I have a brand new cluster and I am able to run Python jobs without issue using raw_exec and I am also able to use some basic java program using raw_exec but I am not sure how to get the Java driver to work . Or is that even needed ? Can someone point me to a good doc on what needs to be done in order get JAVA driver working on both Nomad Server and Client config
Nomad Server Config
plugin "raw_exec" {
config {
enabled = true
no_cgroups = true
}
}
Client
plugin "raw_exec" {
config {
enabled = true
no_cgroups = true
}
options {
"driver.allowlist" = "exec,java,raw_exec"
}
However If use a simple Java program with raw_exec it works fine but if I switch from
driver = "raw_exec"
config {
command = "/apps/bin/java"
args = ["-jar", "/tmp/xxxxx.jar"]
}
to
driver = "java"
config {
command = "/apps/bin/java"
args = ["-jar", "/tmp/xxxxx.jar"]
}
it fails with error when run and plan it from the UI
Constraint missing drivers filtered 1 node
How do we get JAVA driver to work ? I even tried adding the jar_path and jvm_options and artifact but still doesnt work .

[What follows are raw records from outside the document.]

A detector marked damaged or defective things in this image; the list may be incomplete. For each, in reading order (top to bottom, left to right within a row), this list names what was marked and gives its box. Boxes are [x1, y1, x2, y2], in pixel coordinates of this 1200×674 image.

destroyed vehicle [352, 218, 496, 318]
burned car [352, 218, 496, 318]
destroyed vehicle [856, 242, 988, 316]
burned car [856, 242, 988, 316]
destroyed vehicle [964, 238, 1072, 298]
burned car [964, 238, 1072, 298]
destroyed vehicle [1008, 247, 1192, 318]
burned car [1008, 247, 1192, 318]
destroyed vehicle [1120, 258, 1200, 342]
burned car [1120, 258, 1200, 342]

Also output nomad node status <client_id>
nomad node status d3f254c1
ID = xxxxx
Name = xxx
Class = <none>
DC = xxx
Drain = false
Eligibility = eligible
Status = ready
CSI Controllers = <none>
CSI Drivers = <none>
Uptime = 164h55m51s
Host Volumes = <none>
Host Networks = <none>
CSI Volumes = <none>
Driver Status = raw_exec
See the java task driver client requirements – can you share the part of the client configuration (nomad.hcl
) where you enable the java driver?
Hi @sammy676776, if you show the output of nomad node status -verbose <id>
there should be a Drivers section showing which drivers have or have not been detected.
If this is a Linux machine, then I suspect the problem is that your java install is not in the default chroot. You’ll need to add /apps/bin/java
to the chroot_env
on the Client before it can be detected.
Hi!
I wrote a Medium article a little while back about the using the Java driver with Nomad. Check it out and see if this helps. I have a few full examples in there.
Here are some key points:
- for the Nomad client setup, you just need to install Java on it (I used OpenJDK11)

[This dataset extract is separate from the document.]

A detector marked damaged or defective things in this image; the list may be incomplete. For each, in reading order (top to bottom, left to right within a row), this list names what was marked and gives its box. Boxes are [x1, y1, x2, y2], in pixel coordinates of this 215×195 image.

- jar is passed to the Java driver via
jar_path
- you need to use the
artifact
stanza to obtain your .jar file
My nomad client stanza to invoke Java
client {
enabled = true
gc_max_allocs = 100
gc_interval = "10m"
server_join {
retry_join = ["xxxxx:4647", "xxxxx:4647", "xxxx:4647" ]
}
options {
"driver.allowlist" = "exec,java,raw_exec"
}
chroot_env {
"/bin" = "/bin"
"/etc" = "/etc"
"/lib" = "/lib"
"/lib32" = "/lib32"
"/lib64" = "/lib64"
"/run/resolvconf" = "/run/resolvconf"
"/sbin" = "/sbin"
"/usr" = "/usr"
"/apps/bin/java/" = "/apps/bin/java/"
}
}
plugin "raw_exec" {
config {
enabled = true
no_cgroups = true
}
}
Please note when nomad comes up it does show this line
[INFO] agent: detected plugin: name=java type=driver plugin_version=0.1.0
nomad node status -verbose <nodeid> output for drivers which shows that Java is not healthy for some reason .

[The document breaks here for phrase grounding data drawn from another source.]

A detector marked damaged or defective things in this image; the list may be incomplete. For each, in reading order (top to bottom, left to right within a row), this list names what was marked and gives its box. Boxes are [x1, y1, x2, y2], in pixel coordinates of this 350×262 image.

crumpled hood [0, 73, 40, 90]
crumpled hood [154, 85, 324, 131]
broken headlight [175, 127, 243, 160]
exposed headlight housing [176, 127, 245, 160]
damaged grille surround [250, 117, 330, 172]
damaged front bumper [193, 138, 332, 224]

Driver Detected Healthy Message Time
exec true true Healthy 2023-03-09T15:25:08-05:00
java false false <none> 2023-03-09T15:25:08-05:00
raw_exec true true Healthy 2023-03-09T15:25:08-05:00
So JAVA still not available .
ok FIXED …basically the JAVA_HOME and JAVA_PATH were not being picked up even after defining it in unit files . Once I passed it where it involes the “/bin/nomad agent -config” it started working .
Drivers
Driver Detected Healthy Message Time
exec true true Healthy 2023-03-09T15:56:51-05:00
java true true Healthy 2023-03-09T15:56:51-05:00
raw_exec true true Healthy 2023-03-09T15:56:51-05:00
However this brings back another old problem which we fixed by not running as ROOT
…which is when we run any task not on this client I get
client.alloc_runner.task_runner: prestart failed: alloc_id=93b9290e-a652-8378-f042-86f6bb4f099d task=webservice error="prestart hook \"task_dir\" failed: Failed to mount shared directory for task: operation not permitted"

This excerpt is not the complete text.